Stone uses his experience with a project in Dallas as an example. “I was able to offer $30 a square foot for an apartment site, and somebody came in and paid almost $50 a square foot for the dirt,” he recalls. “So do the math. That’s pretty aggressive, and the dirt is still sitting there. They haven’t done anything on it. I don’t know if they realized they paid too much. I’m just glad they were able to justify their number. I couldn’t do it. Timing is critical. If I had paid that much money and I wasn’t building on it soon after I bought it, I’d be looking for another line of work.”
Stone does not see those escalating prices elsewhere in Texas. “Austin and Houston have so much demand with corporate relocation, the oil and gas industry, the University of Texas and all the other schools,” he reports.
Duke Inc. develops and builds high-quality multifamily communities. It has built more than 20,000 apartment homes across the Southwest. “In our current form, we are what you would call a merchant builder with an emphasis on design/build,” Stone explains. “We find the dirt and we market the deal. Fortunately, we have an investment group that likes our program. In the end, they own it and they operate it, and we go out and find another deal.”
Based in Dallas and celebrating its 40th anniversary, the family owned business completed luxury garden apartments named Ten Oaks in Austin last June and Ten Pines in Houston at the end of 2013. “It’s basically done, but we’re always trying to make it look a little better,” Stone adds. “We’re tweaking a few things.”
Duke Inc. uses 50 to 60 subcontractors for 95 percent of a project’s construction. It chooses amenities that ease tenants’ lifestyles.
“We call it ‘design for life,’” Stone says. “It’s so somebody can come home and not worry about going to the gym or getting their package at the post office. Our clubhouses are totally encompassing for the Wi-Fi, the Internet café. You can come in and hang out, socialize and be a part of a community. We want to get people out around the pool. We put in the resort-style pools. We’ll have the pergolas placed accordingly to help isolate from the Texas sun.”
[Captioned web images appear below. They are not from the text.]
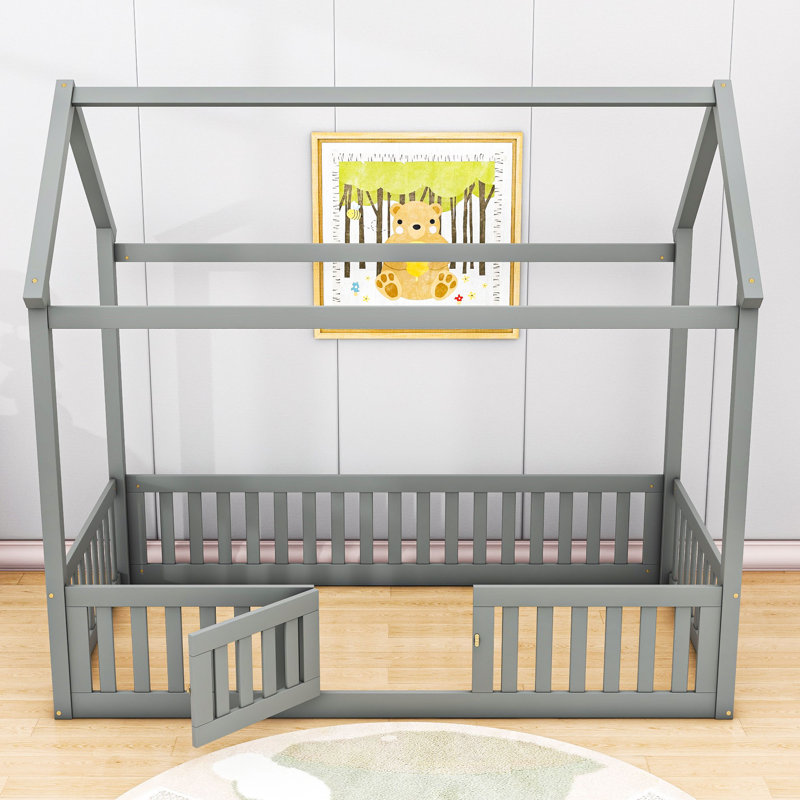 Lit en bois avec clôture et porte en bois, Gris, Simple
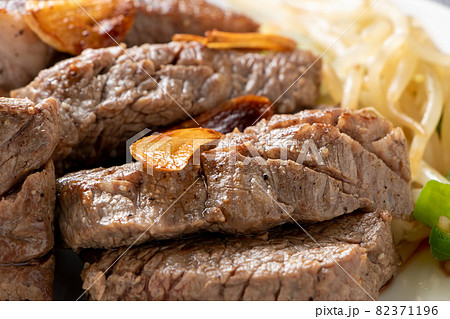 ひとくちステーキ(ヒウチ)。 82371196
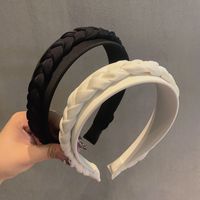 Wholesale Simple Solid Color Braided Wide-brimmed Headband Nihaojewelry main image 4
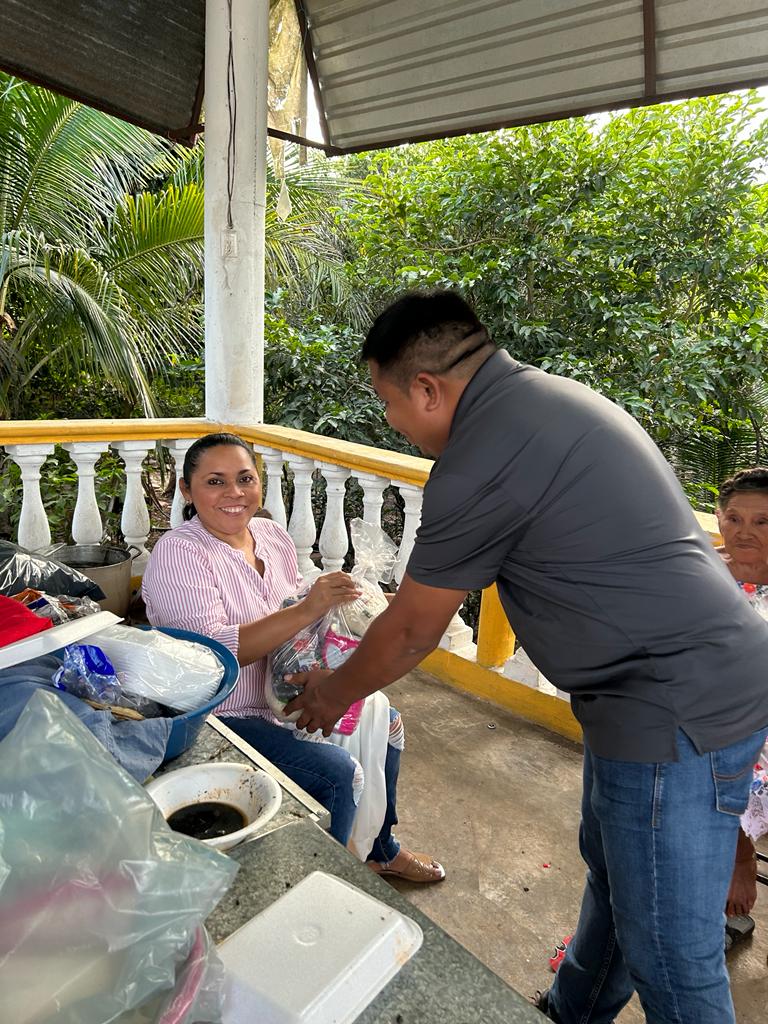 Providing gifts to our Guayabera shirt Artisans in Mexico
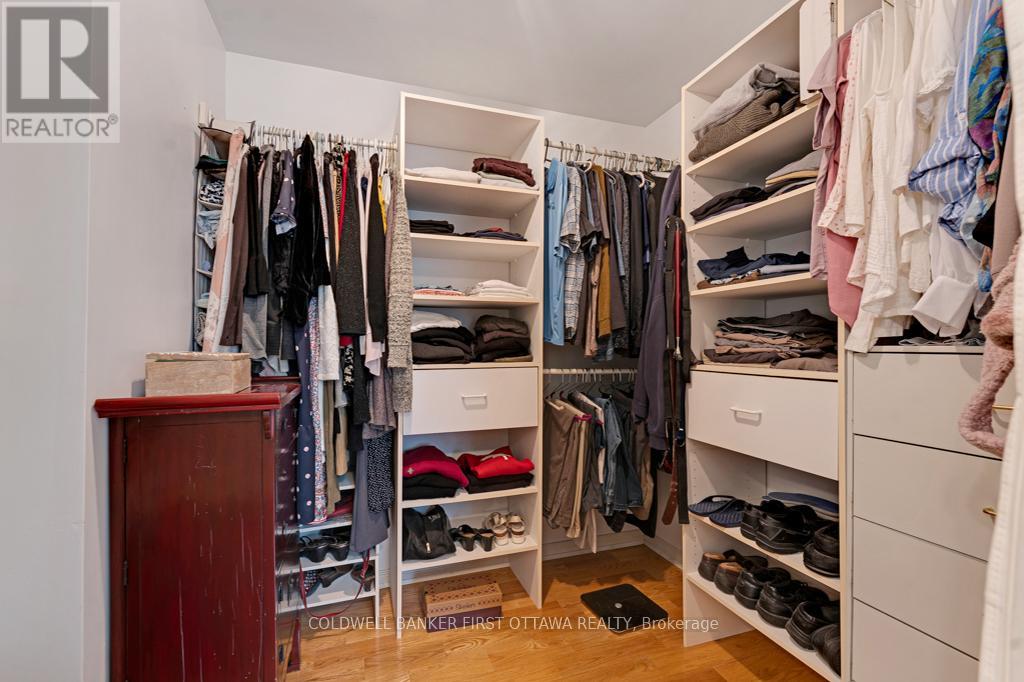 1718 BLUE HERON RIDGE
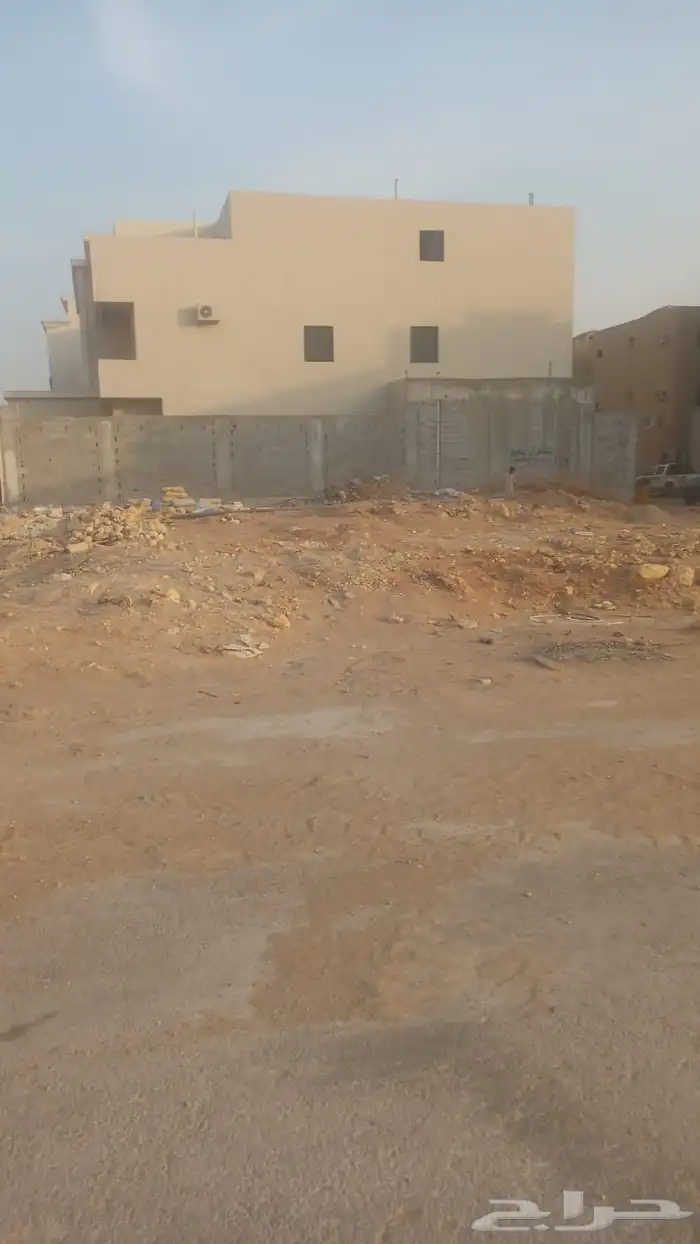 ارض سكنيه للبيع حي الرمال 0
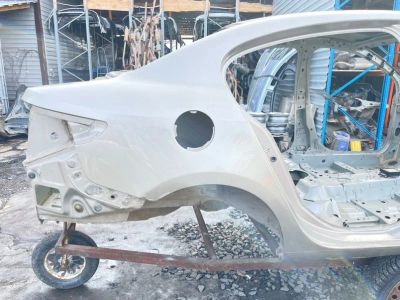 Лот: 25198181. Фото: 1. крыло Renault Fluence L30R. Двигатель и элементы двигателя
Among the developments’ many amenities are a business center and pet parks. “We’ll have grilling areas out at the pool,” Stone says. “In one of our most recent developments in Houston, we’ve got covered parking in either free-standing garages that can be rented on a monthly basis or car ports. On one of our deals, we have actual storage units for people to rent so they don’t have to go offsite.”
Visibility and Access
The motto of “design for life” continually influences Duke Inc.’s developments. “Every site is different,” he says. “People live a certain way in Houston, but they live a different way in Austin. So you’ve got to be able to adapt and design these projects.”
One of Duke Inc.’s latest projects is 304 garden-style apartments in Round Rock, Texas. Stone estimates the breakdown of bedrooms in the units will be approximately 55 to 60 percent one-bedroom, 30 to 35 percent two-bedroom and the remainder three-bedroom. Construction is due for completion by the end of 2014.
When locating projects, besides location – such as the types of jobs, schools and amenities in the area – two other factors are of equal importance to Stone. “Access to me is critical – access and visibility,” he says. “It can be the most visible location in the world, but if I’m out in farm pasture, that’s a hard sell.”
For the future, Stone is considering geographic expansion. “I can see us doing something out of state, be it Arizona, Colorado or Oklahoma,” he predicts. “We’re not averse to going other places. It would just have to be the right opportunity and the right time.”
Duke Inc. founder R. Jerry Stone Jr., who is very active in the business, has handed day-to-day responsibilities to his son, who does not see expanding into other types of developments. “That’s all I know how to do – apartments,” the younger Stone says. “I learned how to ride a bike 22 years ago, and I hope I get to ride that bike for a long time.”